Fernández Guerra plantea el libreto de su tercera ópera como un monólogo a dos voces que bebe de distintos textos de Benjamin debidamente clarificados —como un buen caldo— y reordenados en una estructura dialógica. En muchos casos suena abiertamente aforístico: “En la historia, se salva lo que no ha sucedido”; “Ni los muertos estarán a salvo del enemigo si vence, y el enemigo no ha dejado de vencer”. Y los dos cantantes y los cinco instrumentistas cantan y tocan en todo momento, decididos a conformar una verdadera ópera, no un sucedáneo. Hay un especial afán de cantar, sin estadios intermedios (como el parlato o el Sprechgesang), y cuando Benjamin y su ángel lo hacen al mismo tiempo afrontan en general textos contrapuestos, si bien no faltan los dúos a la antigua usanza. Si en sus Tres desechos en forma de ópera la escritura instrumental recordaba especialmente a L'histoire du soldat de Stravinski, aquí suenan ecos del Concierto de cámara de Alban Berg, con una escritura más comprimida, también muy aforística, poblada de pequeños diseños que conforman un todo denso y transparente.
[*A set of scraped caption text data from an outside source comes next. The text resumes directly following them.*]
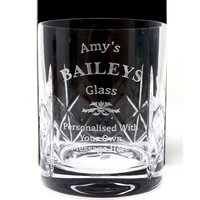 Baileys Kristallglas Mit Gravur - Geschenk Für Geburtstag/Mutter/Vatertag/Weihnachten von RegaloUK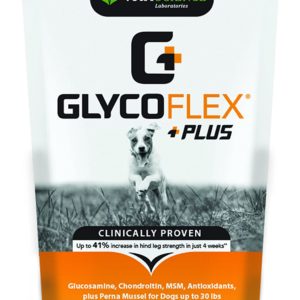 VetriScience Laboratories GlycoFlex Plus, Hip and Joint Supplement for Small Dogs, 60 Bite-Sized Chews
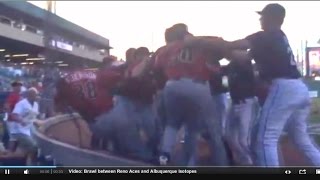 6 Reno Aces players suspended after fight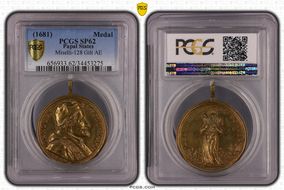 (1681) Medal Miselli-128 Gilt AE SP62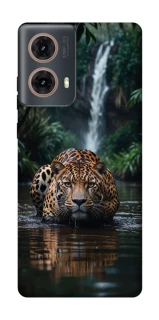 Чехол на Motorola Moto G85 Leopard in water фото 1 из 1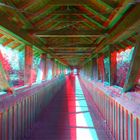 Anaglyphe - Kocherbrücke in Gaildorf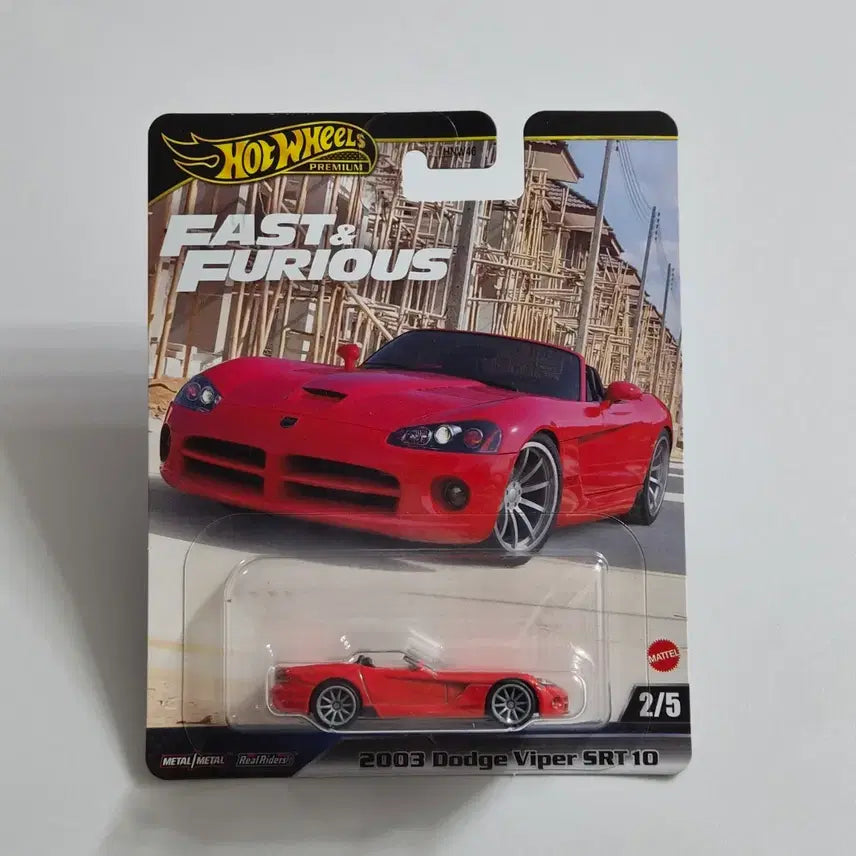 [BUNJANG] Hot Wheels Premium Dodge Viper SRT10 Fast &amp; Furious 2003 Sealed / 핫휠 프리미엄 닷지 바이퍼 SRT10 분노의 질주 미개봉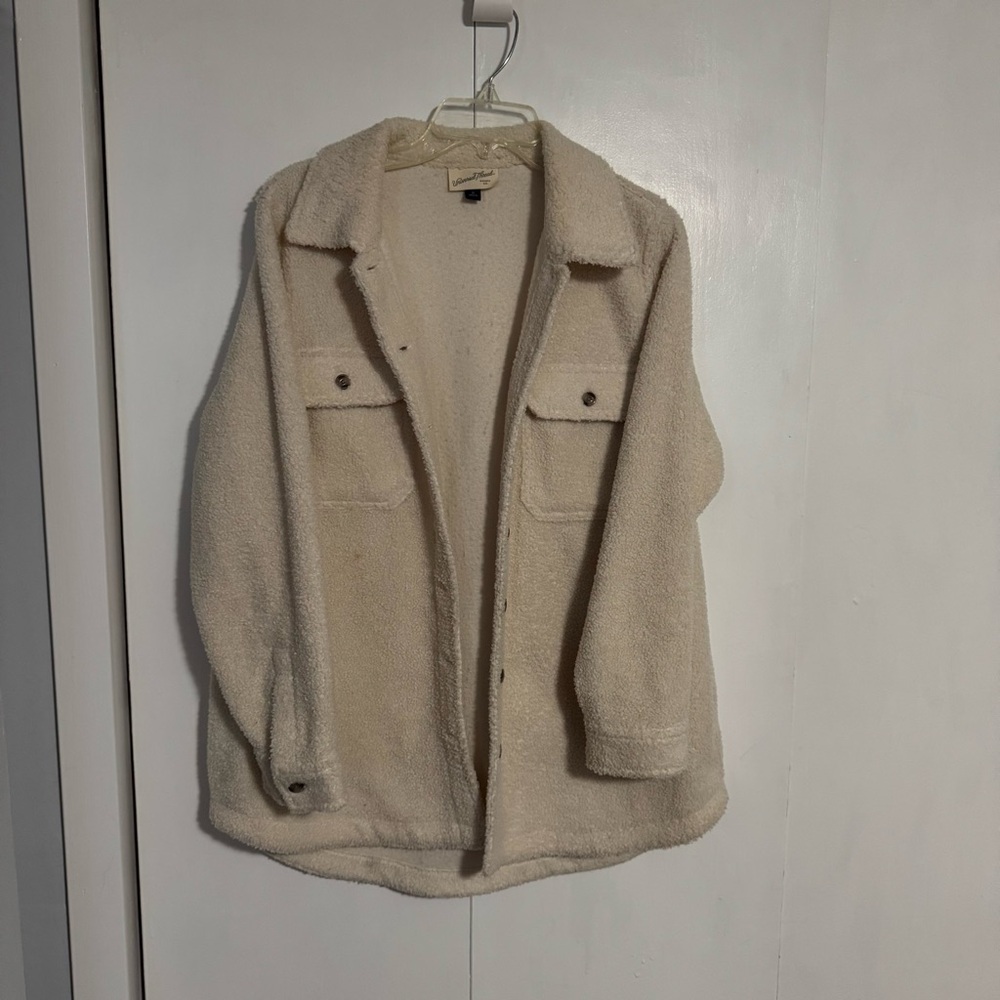 Universal Thread Cream Teddy Jacket - Picture 2 of 4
Ruth González y Enrique Sánchez-Ramos han ensayado sus muy exigentes partes a conciencia: aun teniendo por detrás a instrumentos y director, mostraron una seguridad extraordinaria y cuidaron la dicción, esencial en textos de tanta enjundia. En la Sala Negra de los Teatros del Canal, la parca escenografía (sillas desvencijadas con las patas truncadas, cuerdas, una maleta llena de libros, dos sábanas, un maniquí descabezado del filósofo a modo de Doppelgänger) y el vestuario son blancos. Vanessa Montfort utiliza todo, poco a poco, arropando visualmente los textos, y el ángel acaba envolviendo al final a Benjamin en la misma sábana blanca —ahora mortaja— de la que él había emergido al comienzo. Y mientras lo aleja del escenario, le canta: “Reposa, reposa”. Así lo hace desde que decidiera acabar con su vida en Portbou en 1940, bajo unos guijarros también blancos y una lápida gris en la que puede leerse un fragmento de sus mesiánicas y cabalísticas Tesis de Filosofía de la Historia: “No hay nunca un documento de la cultura que no lo sea al mismo tiempo de la barbarie”. Angelus Novus, un pariente lejano de El cielo sobre Berlín de Wim Wenders, merece verse mucho más allá de este estreno madrileño: porque demuestra que es posible hacer ópera con pocos medios, sin las alharacas y los dispendios habituales, y porque nos invita a pensar sobre la Historia y, muy especialmente, sobre la historia reciente, que es aún la nuestra.